Items from a dataset:
= Beginning of Section =

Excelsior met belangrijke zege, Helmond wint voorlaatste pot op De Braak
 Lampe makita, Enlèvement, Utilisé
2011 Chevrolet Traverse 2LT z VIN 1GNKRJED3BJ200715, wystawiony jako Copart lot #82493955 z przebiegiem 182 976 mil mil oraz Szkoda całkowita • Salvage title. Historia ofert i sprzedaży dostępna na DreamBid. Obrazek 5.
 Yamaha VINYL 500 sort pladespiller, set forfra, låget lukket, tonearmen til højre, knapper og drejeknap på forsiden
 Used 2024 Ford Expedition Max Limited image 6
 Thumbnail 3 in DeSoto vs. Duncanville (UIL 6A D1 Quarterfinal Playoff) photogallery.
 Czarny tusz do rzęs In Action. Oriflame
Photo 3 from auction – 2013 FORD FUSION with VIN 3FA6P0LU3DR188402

= End of Section =

# EXERCISE BRIEF
Search the data for "Yamaha VINYL 500". Beginning with that line, set down every line through the last exactly.

# COMPLETED EXERCISE
 Yamaha VINYL 500 sort pladespiller, set forfra, låget lukket, tonearmen til højre, knapper og drejeknap på forsiden
 Used 2024 Ford Expedition Max Limited image 6
 Thumbnail 3 in DeSoto vs. Duncanville (UIL 6A D1 Quarterfinal Playoff) photogallery.
 Czarny tusz do rzęs In Action. Oriflame
Photo 3 from auction – 2013 FORD FUSION with VIN 3FA6P0LU3DR188402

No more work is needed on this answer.